# WHAT YOU WILL DO
Exclude the pictures from your copy, and reproduce each entry below verbatim.

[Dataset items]
* * * * * * * * *

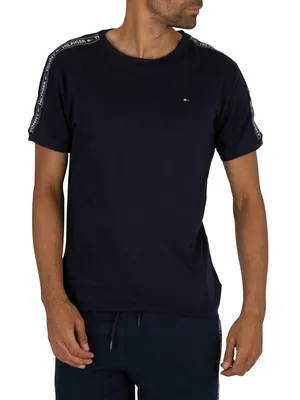 Produktbild von Tommy Hilfiger Herren RN T-Shirt, Blau M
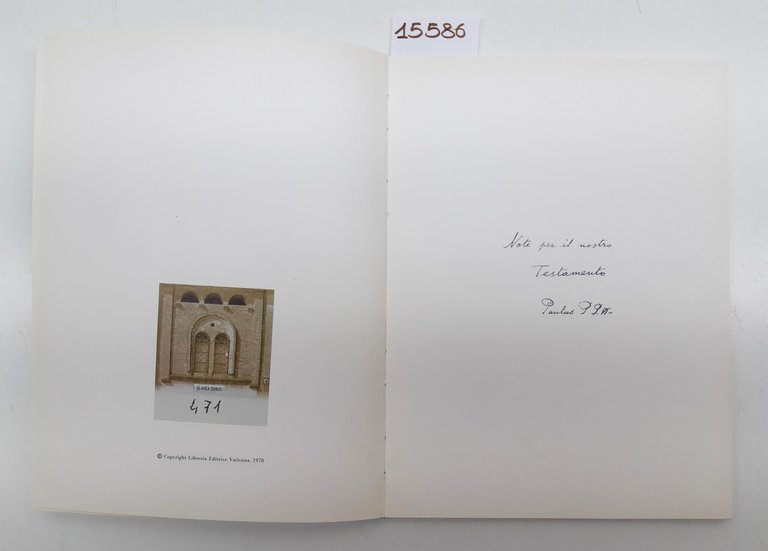 Testamento di Paolo VI Libreria Editrice Vaticana 1978 | Immagine Gallery 3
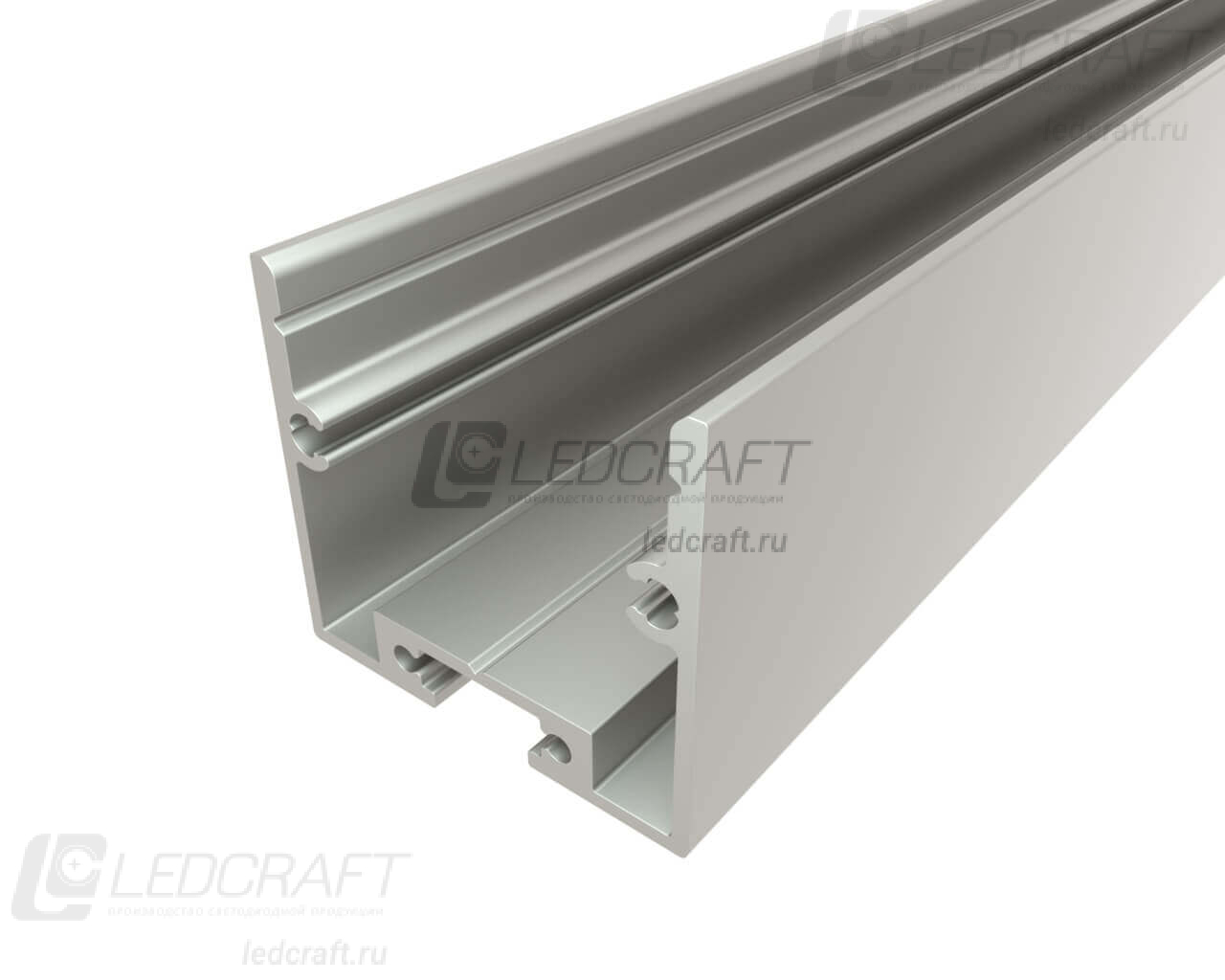 фото Профиль накладной алюминиевый LC-LP-2528-2 Anod анодированный 
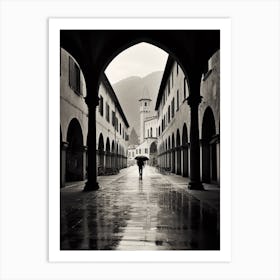 Trento, Italy,  Black And White Analogue Photography  2 Art Print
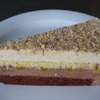 Dark Chocolate, Caramel and Passion Fruit Gateau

* * * * * * * * *

# SOLUTION TO THIS EXERCISE
 Produktbild von Tommy Hilfiger Herren RN T-Shirt, Blau M
 Testamento di Paolo VI Libreria Editrice Vaticana 1978 | Immagine Gallery 3
 фото Профиль накладной алюминиевый LC-LP-2528-2 Anod анодированный 
 Trento, Italy,  Black And White Analogue Photography  2 Art Print
 Dark Chocolate, Caramel and Passion Fruit Gateau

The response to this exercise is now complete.